WORK INSTRUCTION:
Exact copies of the lines from the one with "Used 2021 GMC" through the last line of the entries, and no pictures, make up the answer.

DATA SUPPLIED:
━━━━━━━━
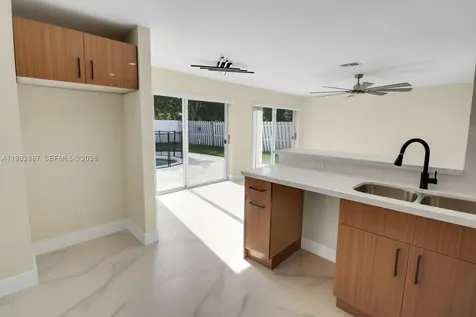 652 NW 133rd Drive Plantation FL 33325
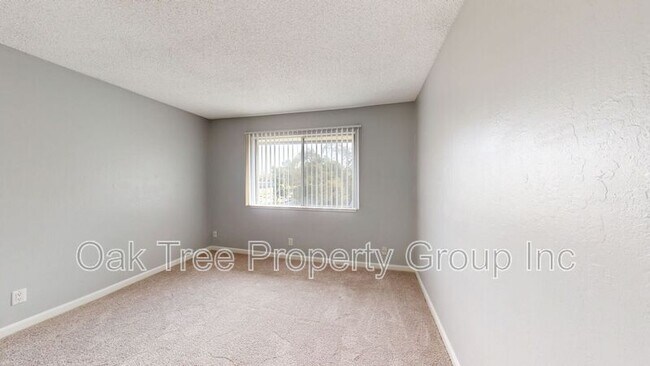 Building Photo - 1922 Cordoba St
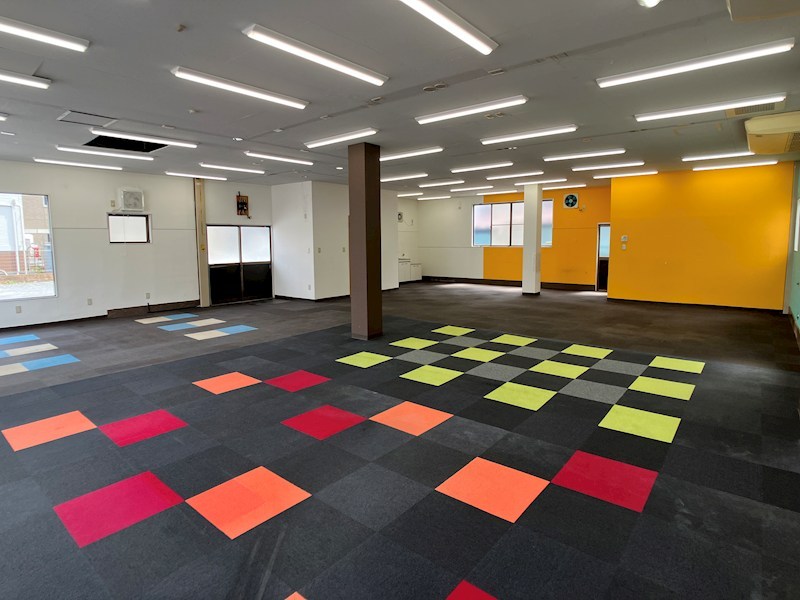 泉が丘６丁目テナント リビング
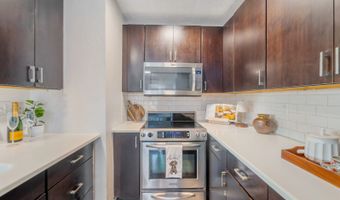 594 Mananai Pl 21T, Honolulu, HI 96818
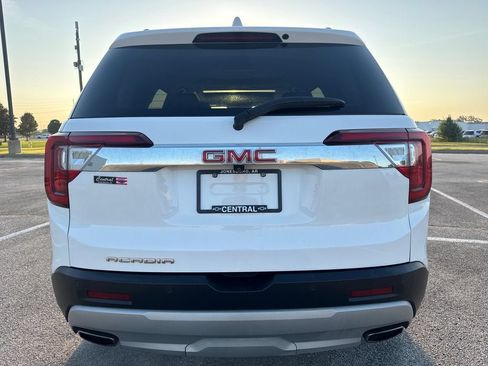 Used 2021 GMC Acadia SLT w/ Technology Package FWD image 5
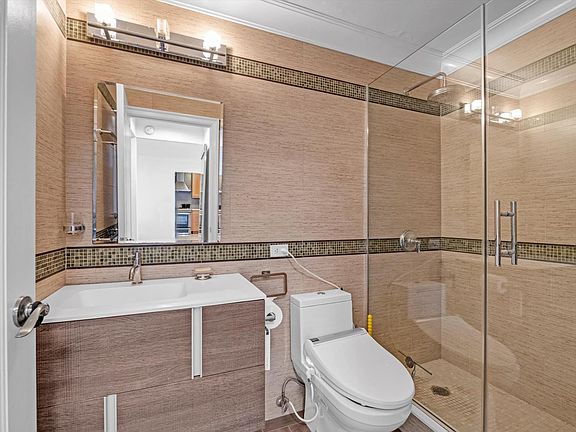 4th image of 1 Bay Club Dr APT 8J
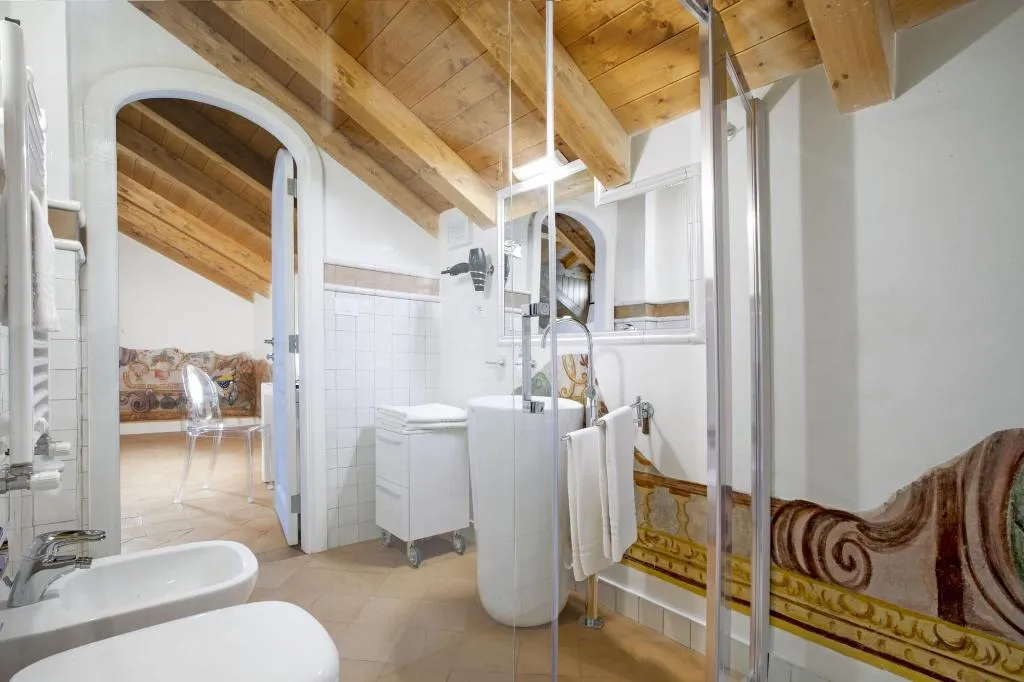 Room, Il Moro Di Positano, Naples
━━━━━━━━
THE ANSWER:
 Used 2021 GMC Acadia SLT w/ Technology Package FWD image 5
 4th image of 1 Bay Club Dr APT 8J
 Room, Il Moro Di Positano, Naples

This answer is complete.